Что, в самом деле, было для славянофилов главным, стержневым? К чему стремились они и на что делали ставку? Славянофилы делали ставку на особенный, «общинный» тип русского характера и хотели обосновать самостоятельность русского исторического пути. Они хотели утвердить природу среди других как равную, а не «прикладывающуюся» и пункт за пунктом опровергали тех, кто пытался привить мнение, будто у нас «ничего нет». И для Герцена, «задавленного болью» семейной трагедии, июньских событий 1848 года, разгулом европейской «золотой посредственности», строящей свое благополучие на обезличивании «безземельного пролетариата», Россия и русская народная натура стали катарсисом, спасительной бухтой, где можно было произвести «перегруппировку сил» и откорректировать программу нового жизнеустройства. «Наши занятия... все в России, в русских делах и книгах, а не в западных людях и интересах», - такую «столбовую дорогу» обозначил Герцен в «Колоколе» и остался верен ей до конца. Опираясь на общинную психологию русского крестьянина и общинный уклад народной жизни, он постепенно укоренился в мысли о том, что Россия имеет неизмеримо больше возможностей прийти к социализму, нежели Западная Европа. Более того, Россия, с ее своеобразными традициями и чертами народного характера ему представилась «зерном кристаллизации, тем центром, к которому тяготеет стремящийся к единству весь славянский мир». Вне России, провозгласил Герцен, нет «будущности для славянского мира; без России он не разовьется». И расшифровал: грядущая связь свободного русского народа с другими славянскими народами - это «братский союз», федерализация, единый лагерь «мирового прогресса».

К. Марксу, как известно, идеи Герцена о «русском социализме» и «вольном славянском союзе» под эгидой демократической России показались крайне утопическими и панславистскими (77). Касаясь «непримиримой размолвки» между лидерами демократического движения, Плеханов в статье «Герцен - эмигрант» тщательно самортизировал упреки «марксидов» в адрес русского мыслителя, объяснив их «целым рядом печальных недоразумений» и надеясь, что придет «момент», когда кое-что из «заблуждений» Герцена можно будет понять лучше и осмыслить дальше. Время выступило на стороне плехановского прогноза.
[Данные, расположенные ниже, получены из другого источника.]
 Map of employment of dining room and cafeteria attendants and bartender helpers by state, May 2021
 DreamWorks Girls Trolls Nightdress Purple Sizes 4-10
Среди писателей прошлого века Герцен с его верой в здоровый русский народный тип, в крестьянина-общинника и впрямь занял исключительное место. Это особенно наглядно проявилось в нашу эпоху, после того, как мы отчетливо уяснили для себя, что общинная психология русских крестьян тормозила чуждые ей буржуазные преобразования в революциях 1905-1907 годов и в феврале 1917 года, эта же общинная психология довольно естественно слилась с принципами всеобщего обобществления после Октября и помогла в России утвердиться советскому строю. «Пугливым на сей счет людям, - поделился своими наблюдениями философ и литературовед Г. Куницын, - не стоит забывать, что общинная патриархальность хотя и «архаическая», но все же разновидность социализма... Такой (идущий от первобытной общинности) социализм не есть нечто враждебное научно организованному обществу, ликвидирующему частную собственность во всех ее видах... Ленин сам же выдвинул в соответствующий момент великую идею кооперирования деревни... Стало быть, создания общин. Только по замыслу более высокого типа, чем прежние, патриархальные» (78).
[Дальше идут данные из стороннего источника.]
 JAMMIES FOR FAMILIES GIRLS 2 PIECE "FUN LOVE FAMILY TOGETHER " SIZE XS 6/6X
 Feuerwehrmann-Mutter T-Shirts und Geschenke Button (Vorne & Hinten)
Не стоит упускать из виду и то, что Маркс, пристально наблюдавший за развитием революционно-демократического движения в России на рубеже 70-80-х годов вынужден был признать, что жизнеспособность русской общины неизмеримо выше жизнеспособности «семитских, греческих, римских и прочих обществ и тем более современных капиталистических» (79), а в 1881 году, уже непосредственно размышляя о судьбе сельской общины в России, уверенно отнес ее к «отправному пункту той экономической системы, к которой стремится современное общество» (80).
И тем самым как бы обозначил - разумеется, косвенно - наиболее плодотворный путь постижения философской и идейно-эстетической позиции Герцена, видевшего в «историческом складе» родного народа «идеал человечества» (Белинский), а в народном характере – воплощение «Руси нарождающейся, Руси вольной, юной, живой...»

Чернышевский, Добролюбов,
Салтыков-Щедрин:
крещеная бездна

«Мне кажется, что мне суждено… внести славянский элемент в умственный, поэтому и практический мир, или просто двинуть вперед человечество по дороге несколько новой» (81), - так высказался Чернышевский, опираясь на «народную мысль» Белинского и Герцена, на «положительные качества нации», выявленные Пушкиным, Лермонтовым, Гоголем, Тургеневым.
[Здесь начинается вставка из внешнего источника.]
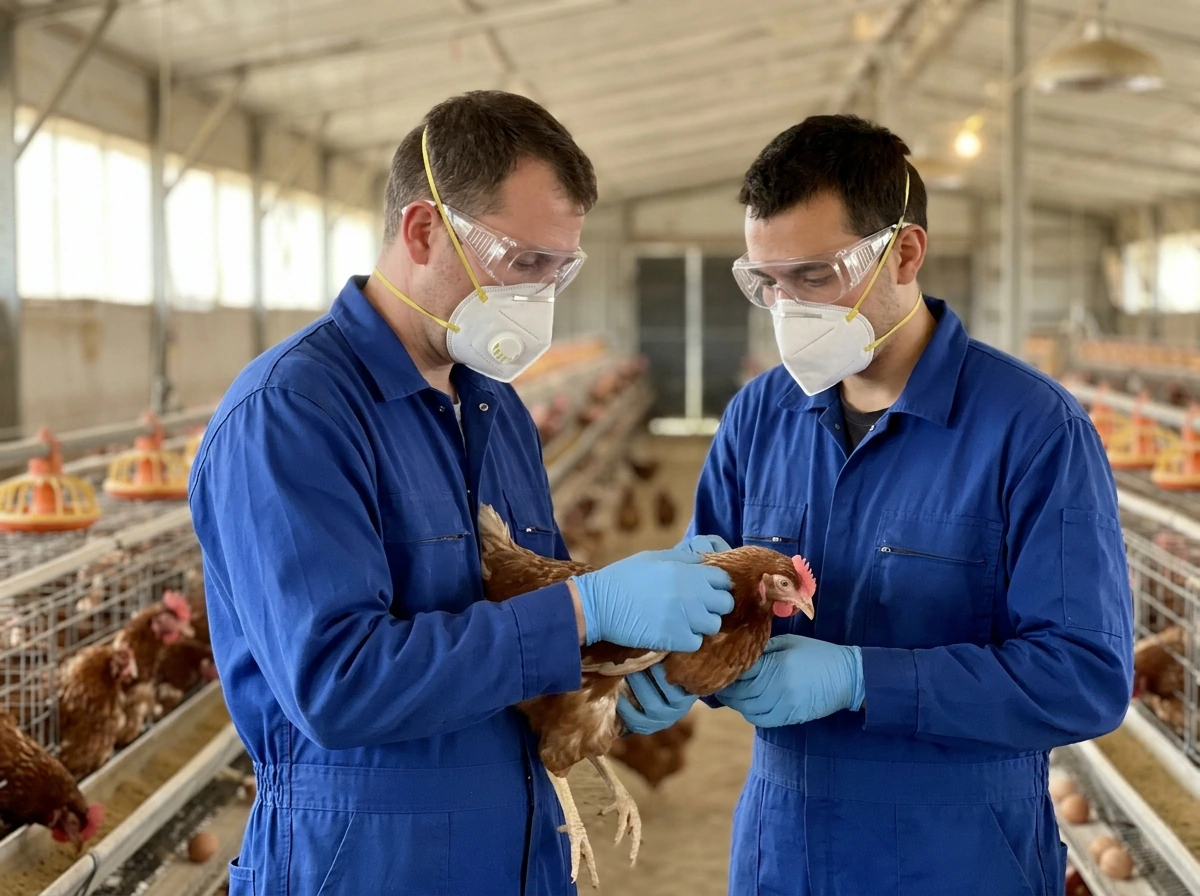 Worker using PPE while handling a poultry setup safely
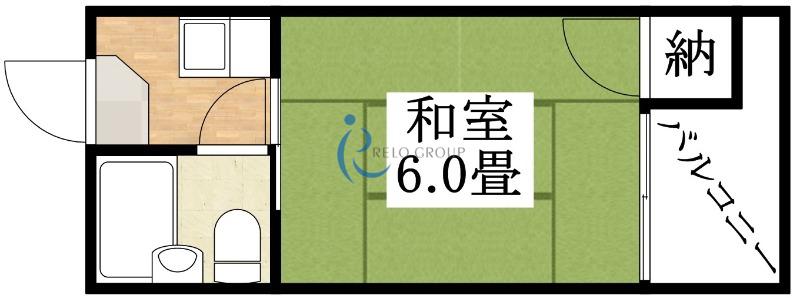 ローズリーフ平野(1K/3階)の間取り写真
Через два десятилетия Маркс, обращаясь к членам Русской секции в Женеве, отмечал: «Труды... Чернышевского делают действительную честь России и доказывают, что ваша страна тоже начинает участвовать в общем движении нашего века» (82).

В философско-эстетической и художественной концепции Чернышевского русский человек выступил носителем тех же устойчивых народных черт, которые утверждали его предшественники и современники, в частности Герцен, но черты эти оказались «наделенными» им неистощимой способностью к саморазвитию, наклонностью к обновлению. «У нас была история, - писал Чернышевский, акцентируя особое внимание на непрерывности и преемственности духовного развития России, социально-культурном росте русского человека. - Русский народ имел свою историю, долго формировавшую его национальный
характер» (83). «Долго», по Чернышевскому, - значит глубоко, с запасом человечности, той осознанной братской расположенности к простым людям других наций, благодаря которой русские явились во всемирной истории не «завоевателями и грабителями, а спасителями - спасителями и от ига монголов... и от другого ига - французов и Наполеона».

Русские независимы, сильны и, явившись спасителями Европы, могут вполне развиваться сами по себе, показывая пример другим, - и существенный сдвиг в осмыслении русского народного характера, ставший значительной вехой на пути выявления его действительного потенциала. В полной мере учитывая заветы Белинского и русских писателей-гуманистов о том, что человека простого звания литература должна воспроизводить «с участием и любовью», Чернышевский в тоже время по-иному поставил вопрос о критериях народности и народного характера. Проблему «пожалеть... о человеке» он перевел в план «сказать всю правду о человеке», а принцип воспроизведения жизни в ее национальных формах заменил принципом отношения к этой жизни. Для нее эталоном в изображении народа и народных типов выступил Л.
Толстой. «Он умеет переселяться в души  поселянина, - объяснил Чернышевский свое пристрастие, - его мужик чрезвычайно верен своей натуре, в речах его мужика нет прикрас, нет риторики, понятия крестьян передаются... с такою же правдивостью и рельефностью, как характеры наших солдат...». К выразительным примерам плодотворного подхода к мужику революционный демократ отнес и рассказы Г. Успенского, отважившегося говорить о народе правду жестокую, «без прикрас». «Мы так многочисленны, так сильны, - подытожил Чернышевский свои наблюдения над ходом развития русской народной жизни, что и одни мы в отдельности не можем бояться никого; нам нет надобности искать чьей-нибудь опоры для своей безопасности. Мы желали бы жить сами по себе. Это может показаться гордостью. Называйте, как хотите, но дело основано на статистическом факте» (84).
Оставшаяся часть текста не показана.